- Directed by: Albert S. Rogell
- Based on: Tight Shoes by Damon Runyon
- Produced by: Jules Levey
- Starring: Leo Carrillo John Howard Broderick Crawford
- Cinematography: Elwood Bredell
- Edited by: Otto Ludwig
- Music by: Hans J. Salter
- Production company: Universal Pictures
- Distributed by: Universal Pictures
- Release date: June 13, 1941;
- Running time: 67 minutes
- Country: United States
- Language: English

= Tight Shoes (film) =

1941 film by Albert S. Rogell

Tight Shoes is a 1941 American comedy film directed by Albert S. Rogell and starring Leo Carrillo, John Howard, and Broderick Crawford. It is based on the Damon Runyon story. The film was produced and distributed as second feature by Universal Pictures.

==Plot==
Shoe store owner Amalfi (Leo Carrillo) is forced by crook Speedy Miller (Broderick Crawford) to allow the business to be a front for illegal gambling. Miller works for a crime boss Horace Grover "the Brain" (Samuel S. Hinds), managing editor of a newspaper. Jimmy Rupert (John Howard) is a clerk in the store and sells a pair of shoes to Miller that are too small and hurt his feet. Distracted by his pinched feet in the "tight shoes", Miller places a losing bet on the horse named Feet First.

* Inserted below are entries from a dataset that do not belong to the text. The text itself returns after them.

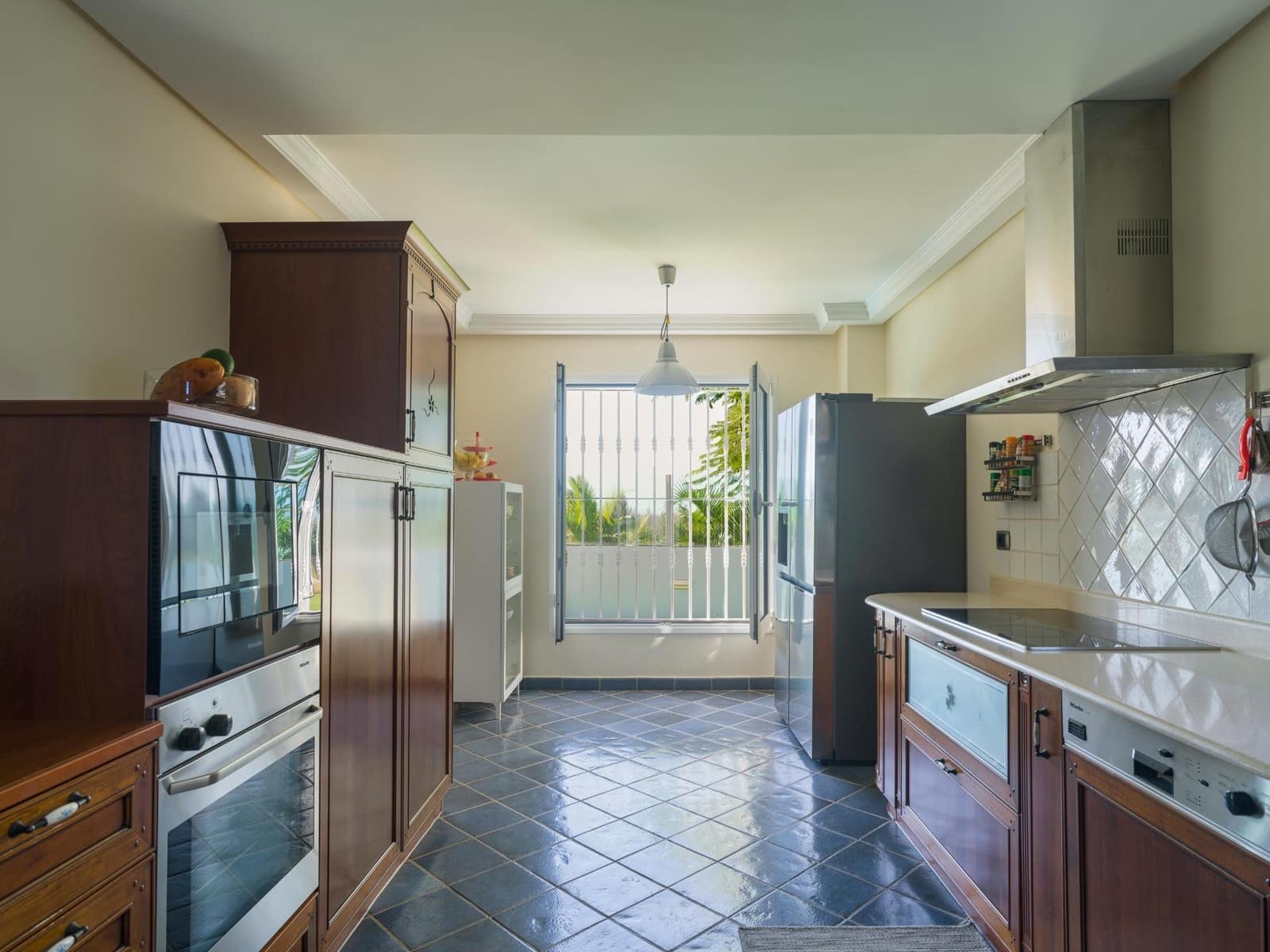 3 bedroom Villa for sale in San Bartolome de Tirajana with pool - € 1,290,000 (Ref: 9312763)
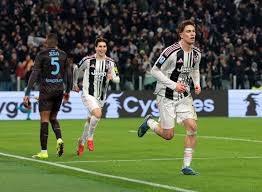 曼联主场1-1战平西汉姆联，近5轮仅1胜，阿莫林临场换人失误导致失利，球队前景堪忧。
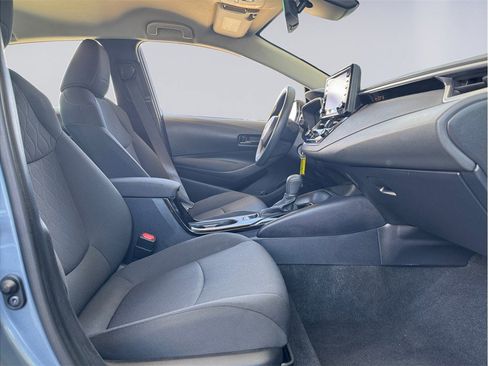 Used 2022 Toyota Corolla LE FWD image 18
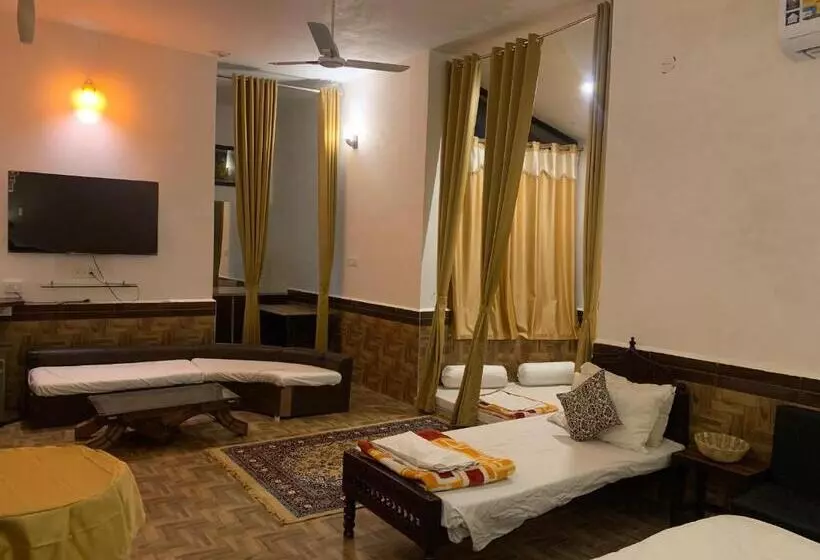 Haveli Expedition & Resort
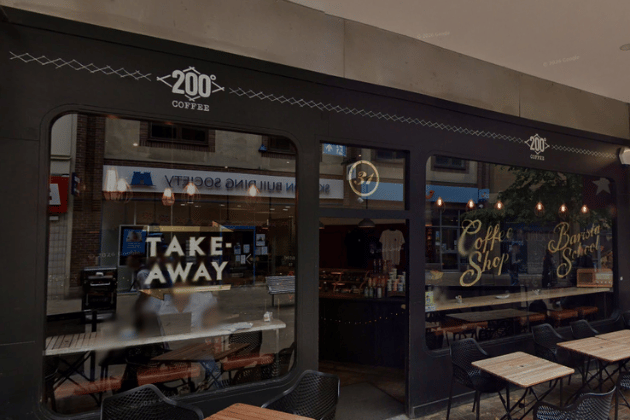 Located on Bond Street, 200 Degrees doesn't just serve lattes - they teach you how to make them at their in-house Barista School. Their signature roast is a bit darker and bolder, making for a robust latte that can stand up to any extra syrups you might want to add. ☕ 31 Bond St, Leeds LS1 5BQ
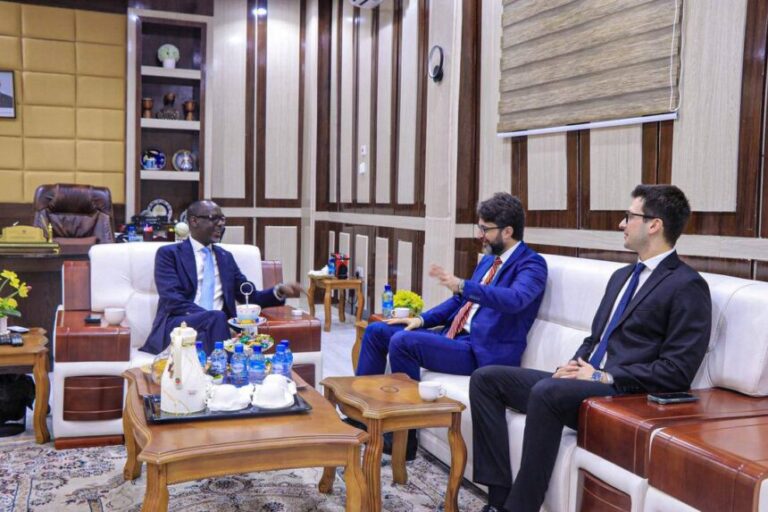 Wasiirka Ganacsiga XFS oo xafiiskiisa ku qaabilay Danjiraha Jamhuuriyadda Turkiga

A fight ensues with his girlfriend Sybil Ash (Binnie Barnes) and she leaves him. He blames his loss on Rupert and gets him fired from the shoe store. In response, Rupert complains about crooked politicians who allow crime to flourish, and successfully runs for office. He is opposed by the newspaper, but supported by Miller's ex-girlfriend Sybil Ash. On the day he wins the election, Rupert and Ash are engaged to be married. Amalfi ends up hiring Miller as a clerk in his store. On the wedding day, Miller sends a pair of "tight shoes" to Rupert as a wedding gift but Ruth, Jimmy's ex-girlfriend, suspects the shoebox is actually a bomb. After he delivers the shoes, Miller is knocked out by Ruth, who explains to Ash her conviction about the "bomb." The two women start fighting, with Jimmy in the middle. Jimmy stops the fight by throwing Ash into a flower arrangement. Miller wakes up, but before he can strike Jimmy, he is stopped by Grover, whom he exposes as The Brain. When Grover exits with the district attorney, the two couples begin fighting, and eventually become reunited and married as originally intended.

==Cast==
- Leo Carrillo as Amalfi
- John Howard as Jimmy Rupert
- Broderick Crawford as Speedy Miller
- Edward Gargan as Blooch
- Binnie Barnes as Sybil Ash
- Anne Gwynne as Ruth
- Samuel S. Hinds as Horace Grover, 'the Brain'
- Shemp Howard as Okay
- Robert Emmett O'Connor as Honest John Beebe
- Richard Lane as Allan McGrath
- Sarah Padden as Mrs. Rupert

==Bibliography==
- Fetrow, Alan G. Feature Films, 1940-1949: a United States Filmography. McFarland, 1994.